• _SUPPLIED ENTRIES_
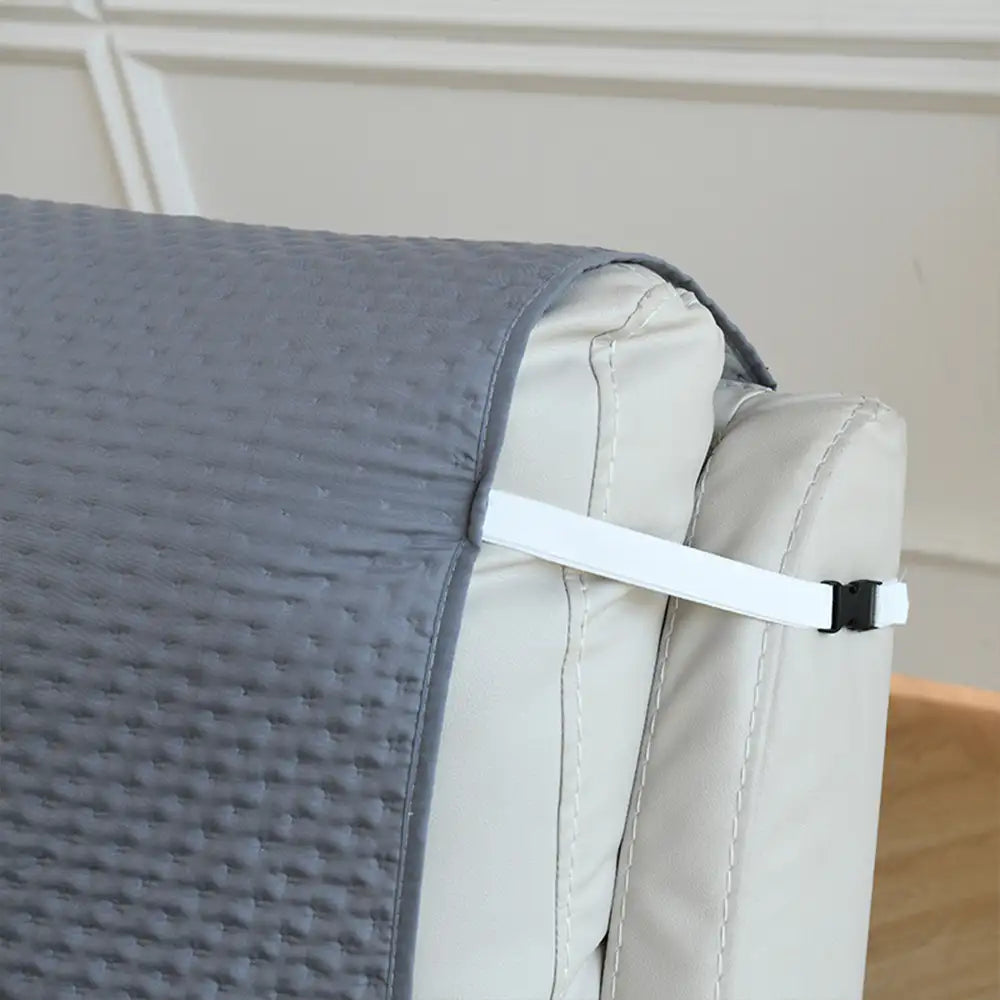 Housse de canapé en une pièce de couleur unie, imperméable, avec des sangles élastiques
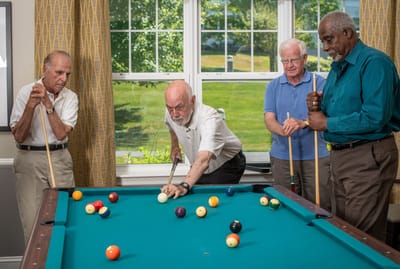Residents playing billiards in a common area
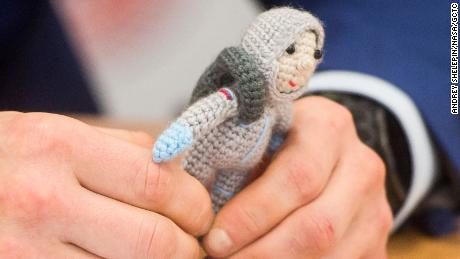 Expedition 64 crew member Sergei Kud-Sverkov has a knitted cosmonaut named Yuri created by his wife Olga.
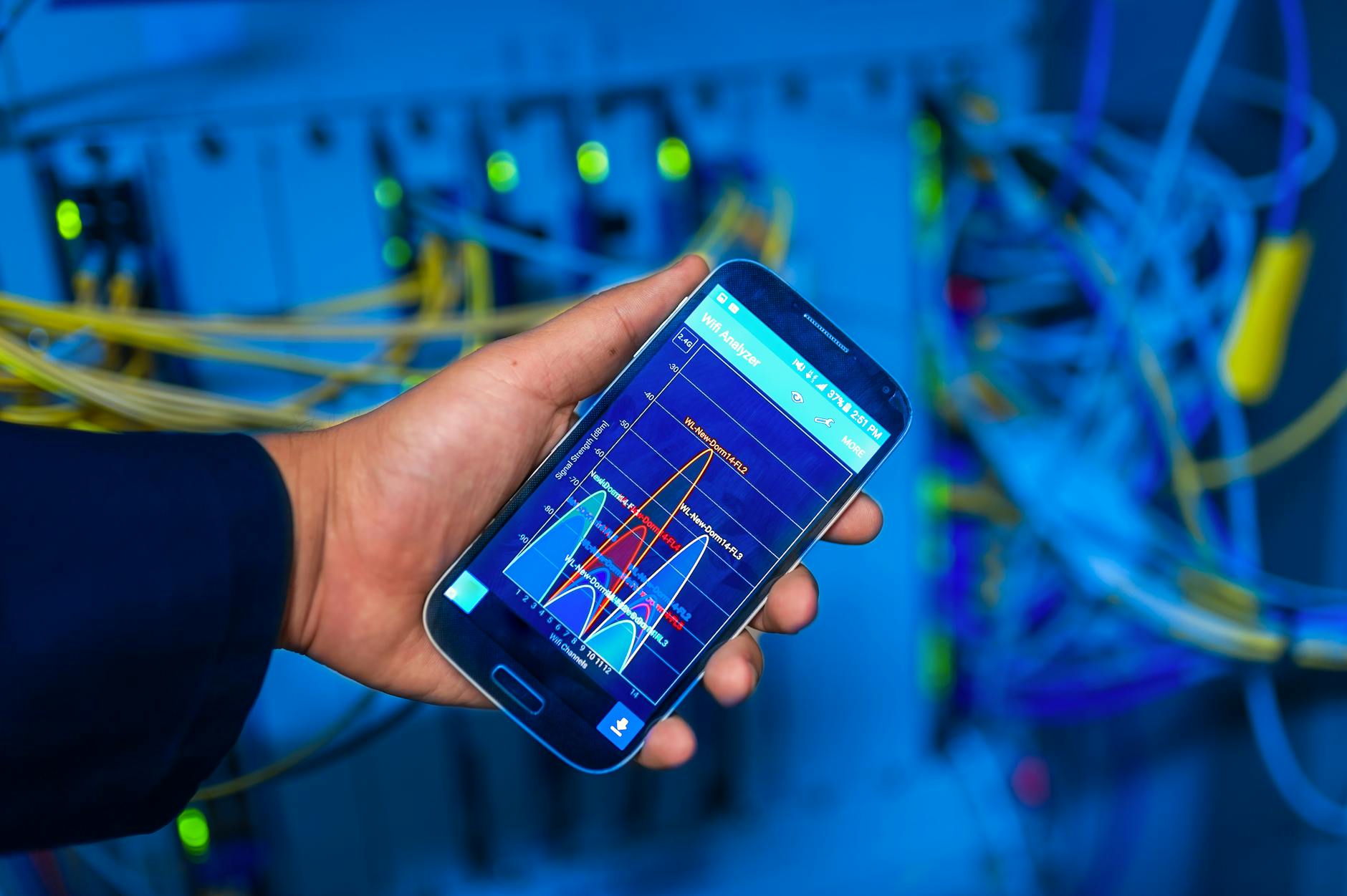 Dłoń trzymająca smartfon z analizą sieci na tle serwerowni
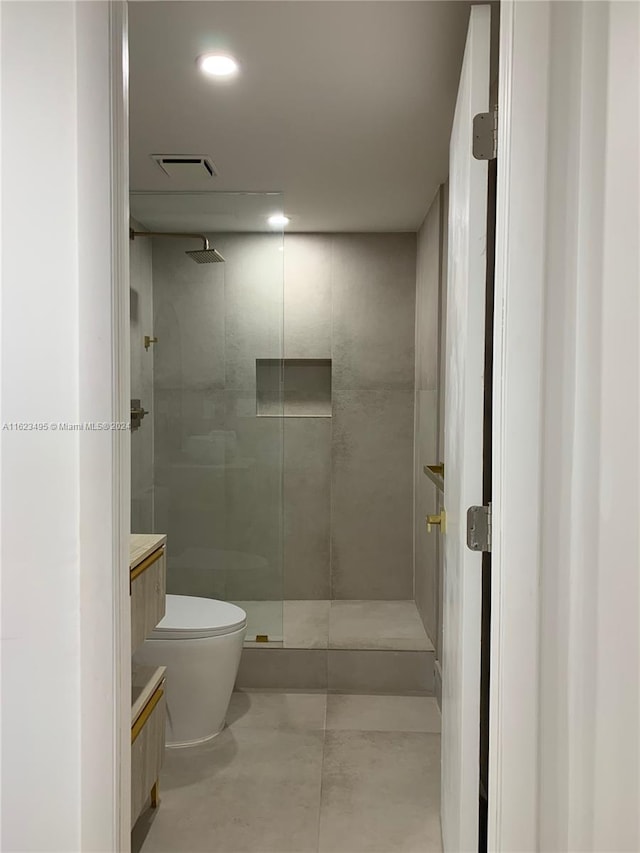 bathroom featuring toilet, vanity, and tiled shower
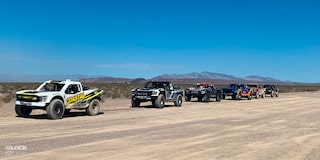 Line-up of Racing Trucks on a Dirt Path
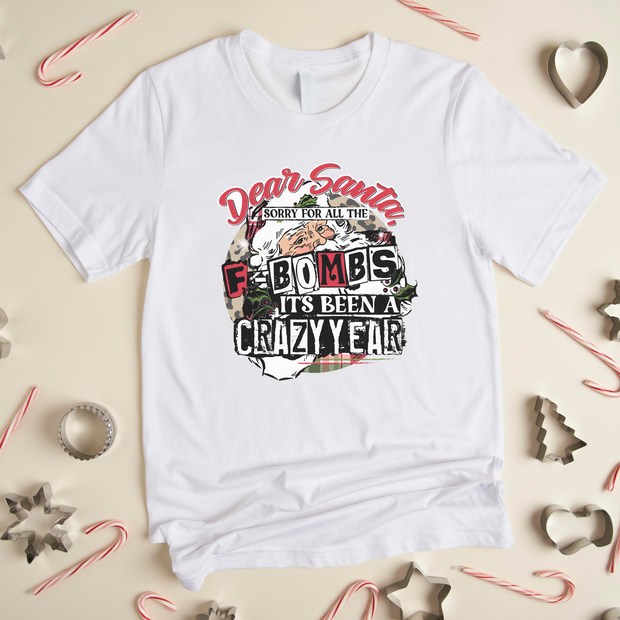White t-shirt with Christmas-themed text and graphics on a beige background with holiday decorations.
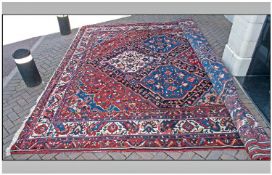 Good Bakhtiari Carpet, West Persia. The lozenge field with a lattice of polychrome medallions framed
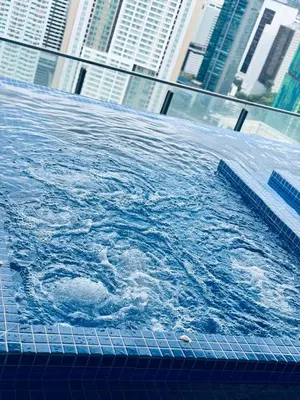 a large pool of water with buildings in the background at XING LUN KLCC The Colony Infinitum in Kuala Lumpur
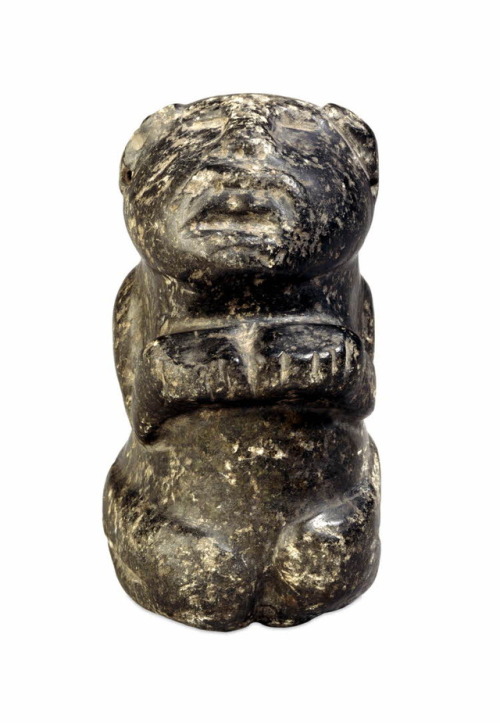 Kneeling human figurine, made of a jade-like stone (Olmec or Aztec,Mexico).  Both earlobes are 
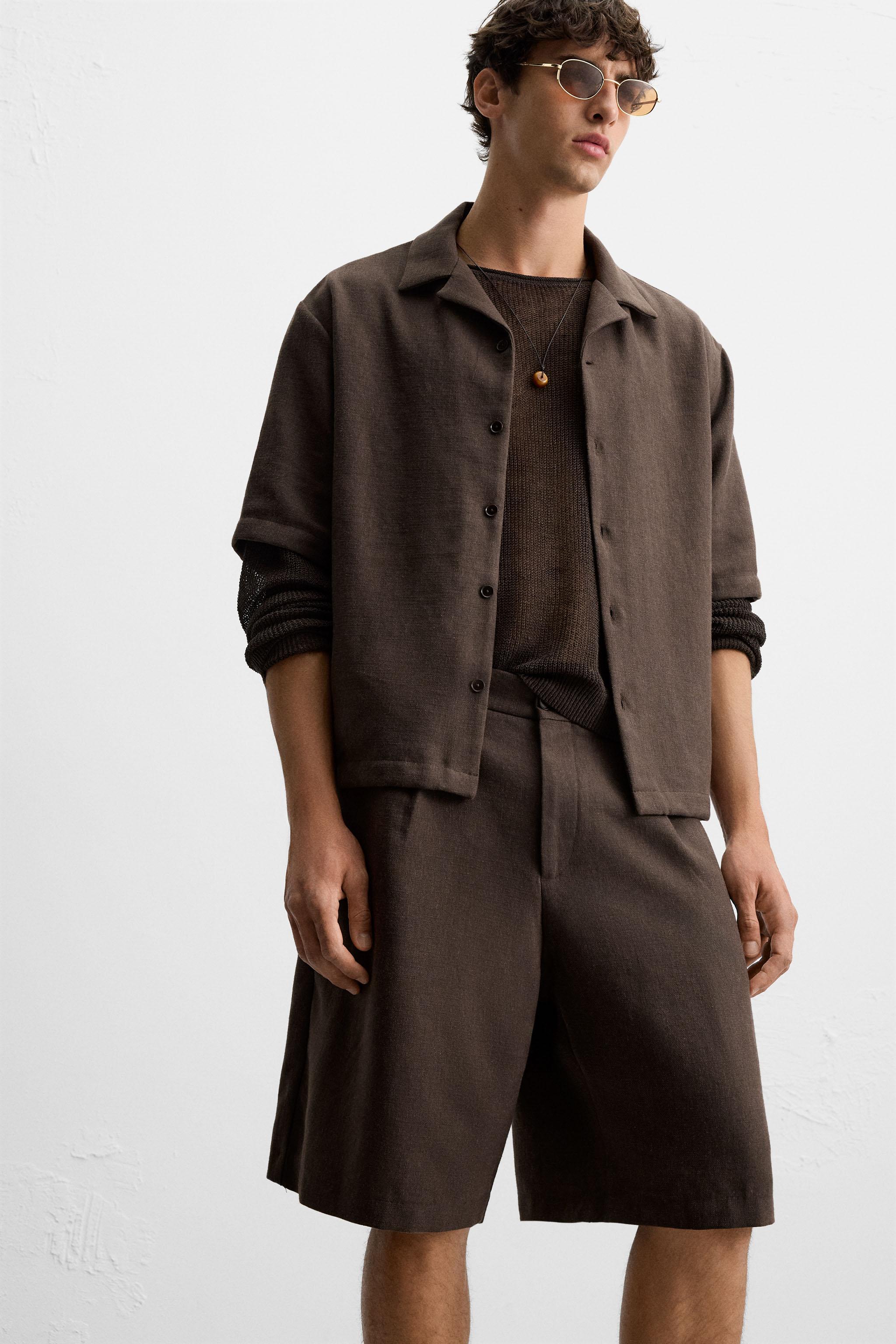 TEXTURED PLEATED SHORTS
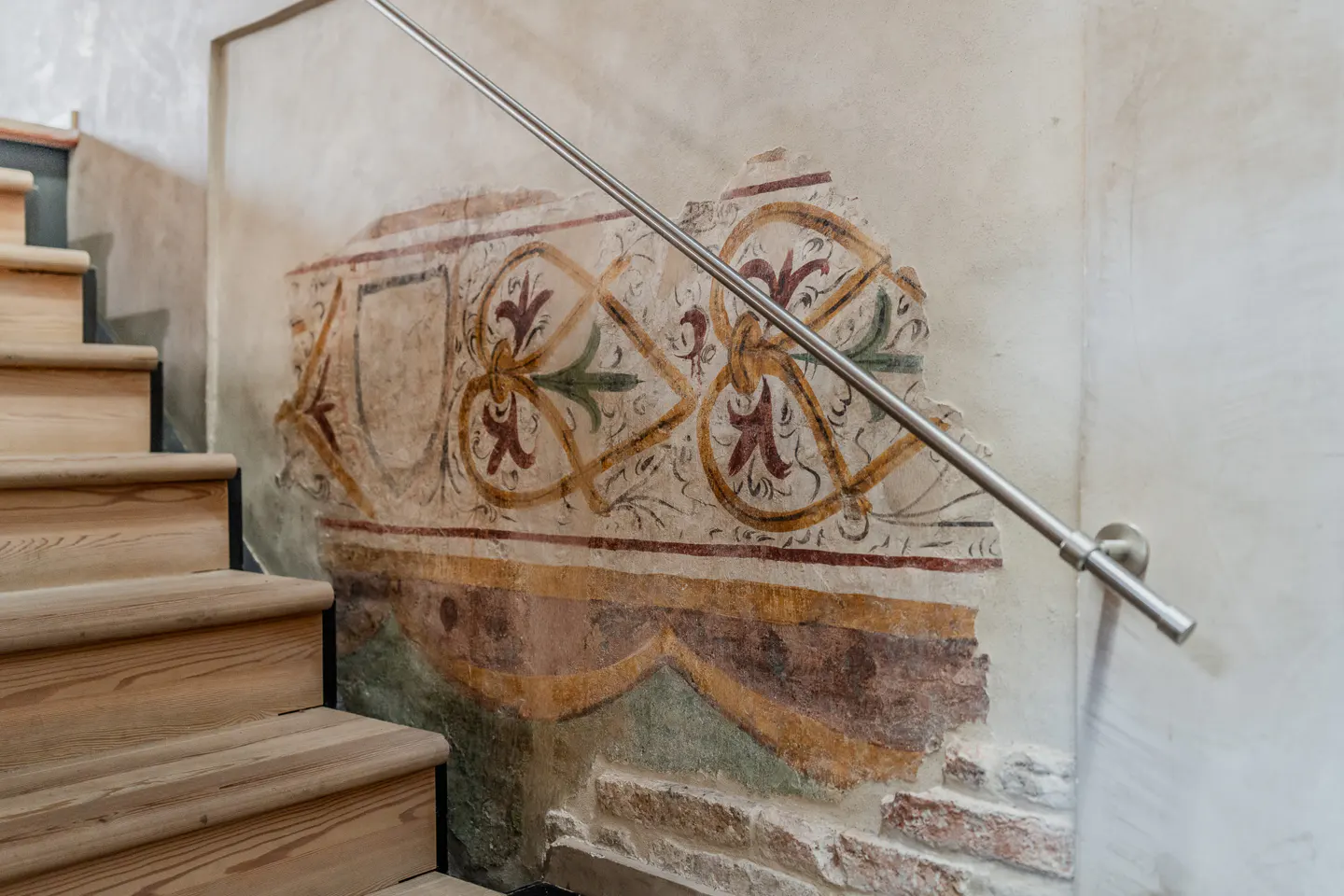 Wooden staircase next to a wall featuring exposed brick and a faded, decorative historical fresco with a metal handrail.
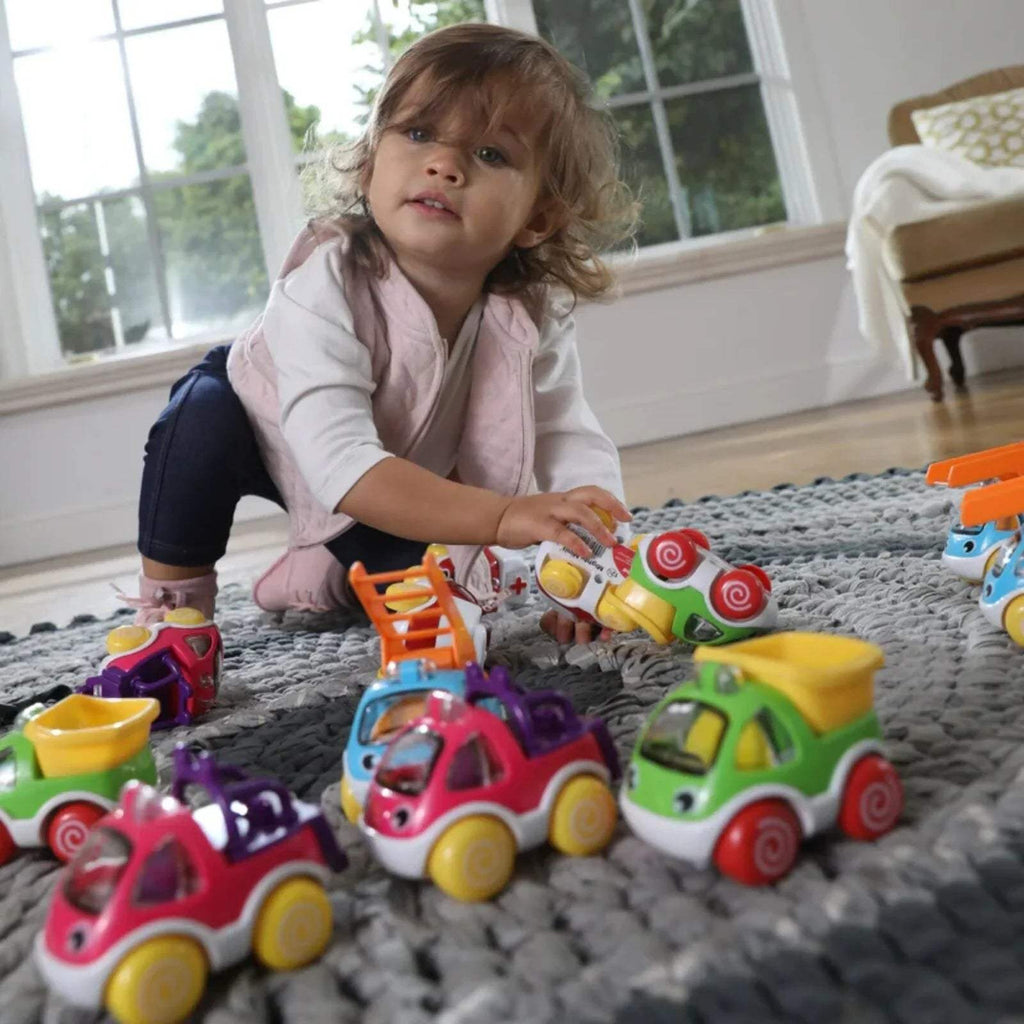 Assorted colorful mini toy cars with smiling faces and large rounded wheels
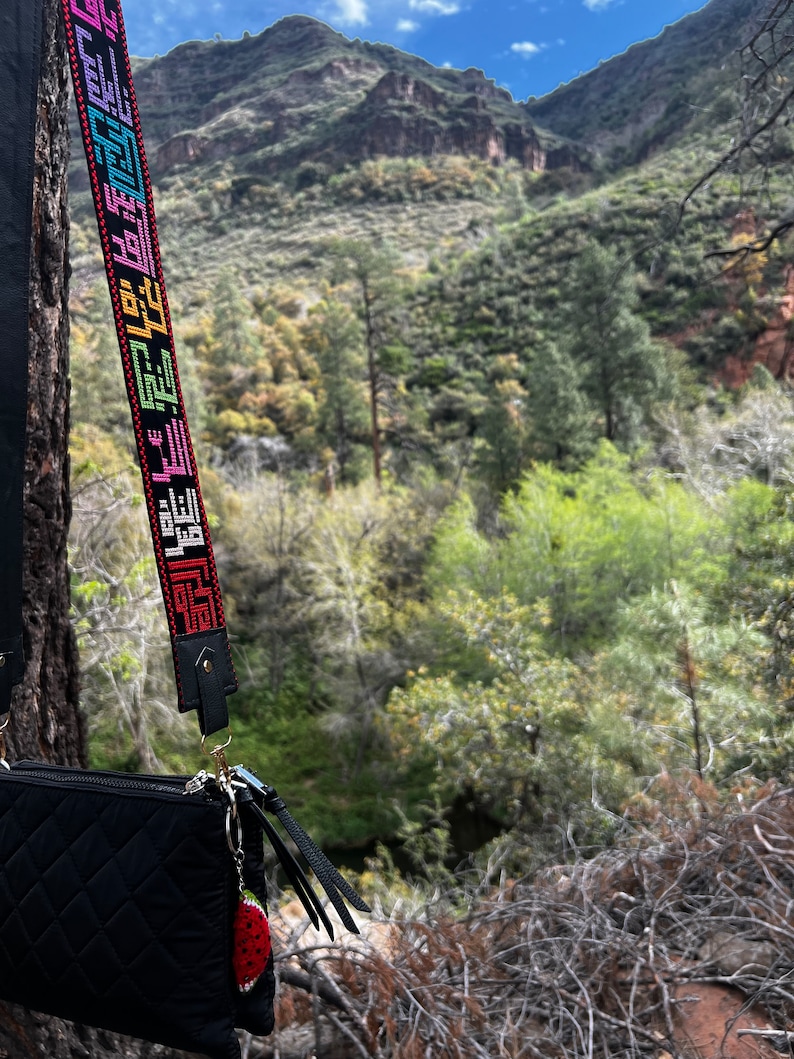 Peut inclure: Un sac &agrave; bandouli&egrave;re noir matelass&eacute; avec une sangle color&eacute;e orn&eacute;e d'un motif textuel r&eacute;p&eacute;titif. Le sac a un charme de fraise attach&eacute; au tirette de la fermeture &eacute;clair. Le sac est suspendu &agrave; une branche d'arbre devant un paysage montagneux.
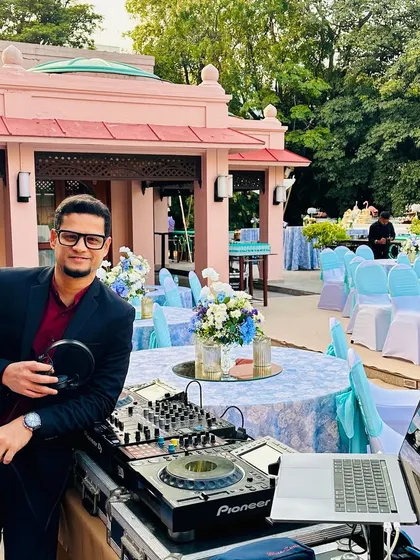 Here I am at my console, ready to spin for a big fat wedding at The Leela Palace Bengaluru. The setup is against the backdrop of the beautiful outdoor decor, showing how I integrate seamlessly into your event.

• _TASK REQUIREMENTS_
Would you set down only the lines above from the line with "Line-up of Racing Trucks on a Dirt Path" to the line with "TEXTURED PLEATED SHORTS", both included, exactly as they stand and without the pictures?

• _RESPONSE_
 Line-up of Racing Trucks on a Dirt Path
White t-shirt with Christmas-themed text and graphics on a beige background with holiday decorations.
 Good Bakhtiari Carpet, West Persia. The lozenge field with a lattice of polychrome medallions framed
 a large pool of water with buildings in the background at XING LUN KLCC The Colony Infinitum in Kuala Lumpur
 Kneeling human figurine, made of a jade-like stone (Olmec or Aztec,Mexico).  Both earlobes are 
 TEXTURED PLEATED SHORTS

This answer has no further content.